Canine Atopic Dermatitis: Update on Treatment Options

Yorkshire with erythema and hyperpigmentation.

Above: A Yorkshire Terrier with erythema (skin inflammation) and hyperpigmentation due to atopic dermatitis.

Atopic dermatitis is one of the most common cutaneous inflammatory and pruritic diseases in dogs. The treatment options have been expanding over the years, and it is important to note that not all therapies work the same way. Recommendations should always be individualized on basis of the patient’s history and clinical signs. Various systemic therapies are routinely used in dogs with atopic dermatitis:

Pit Bull Terrier with pododermatitis
Pit Bull Terrier with chronic pododermatitis due to atopic dermatitis.
  • Antihistamines have low efficacy in treating allergic diseases in dogs. These medications work best when used in conjunction with other therapies for patients with mild signs of atopic dermatitis.
  • Glucocorticoids will work in most cases of atopic dermatitis, helping to reduce the skin inflammation and to control the pruritus. However, there are relevant side effects expected with this therapy. Glucocorticoids can be used for shorter time periods, or longer if a patient does not respond well to other therapies. For long-term use, this should be a last resort.
  • Allergen specific immunotherapy (“allergy shots”, “allergy vaccines”) is used as a single treatment or in association with other therapies to reduce the use of other medications. It will require an intradermal skin test to determine which allergens show a positive reaction. These allergens are used to formulate the allergen solution (immunotherapy) to be administered at home. Immunotherapy can be a subcutaneous injection or oral solution (sublingual). It may take up to a year to observe improvement of clinical signs with this treatment option.
  • Cyclosporine is a calcineurin inhibitor and exhibits anti-pruritic and anti-inflammatory activity in dogs with atopic dermatitis. It has been used for the control of allergic chronic diseases for almost two decades, as a single treatment or as a glucocorticoid-sparing agent. It may take up to 4 weeks for a clinical response to be observed.
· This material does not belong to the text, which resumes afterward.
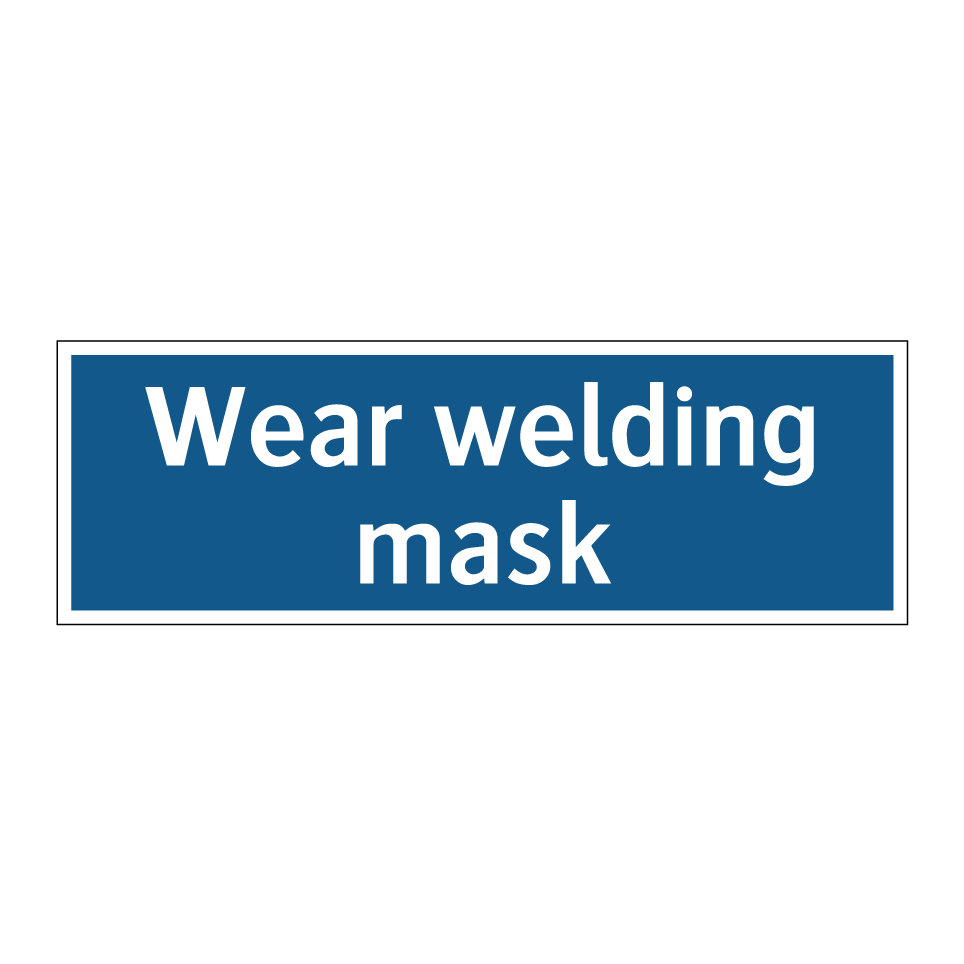 Wear welding mask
Gastrointestinal upsets are the most common side effects but are transient or can be controlled by administering frozen capsules (stored in freezer up to 28 days). It is recommended to use the microemulsion veterinary formulations (Atopica® or Cyclavance®) for better treatment outcome (avoid use of generic or compound formulations).
  • Apoquel® is a JAK inhibitor (mainly JAK1) and inhibits the activity of several pro-inflammatory, pro-allergic and pruritogenic cytokines responsible for the inflammation and pruritus seen in dogs with atopic dermatitis. It is rapidly absorbed, and its speed of action is comparable to glucocorticoids. It can be used in dogs 12 months of age and older for the long-term control of atopic dermatitis. Apoquel can also be used in association with other medications such as NSAIDs and immunotherapy, and it should be avoided in dogs previously diagnosed with neoplastic conditions.
  • Cytopoint® is a caninized monoclonal antibody anti-IL31, the first biologic commercially available for the treatment of allergic diseases in dogs. Its technology has been largely used in human medicine to treat several immunologically driven diseases. Cytopoint is an injectable therapy applied to dogs by the veterinarian and its efficacy lasts 4 to 8 weeks. It is safe to be used in dogs of any age, in dogs with other concurrent diseases, and in combination with other medications.

Canine atopic dermatitis is a complex disease with different clinical manifestations and therapeutic response. It is fundamental to remember that it is a non-curable disease and, regardless of the therapy chosen, life-long maintenance will be required. Treatment options should be regularly reassessed and adjusted based on the specific needs of patients and their owners.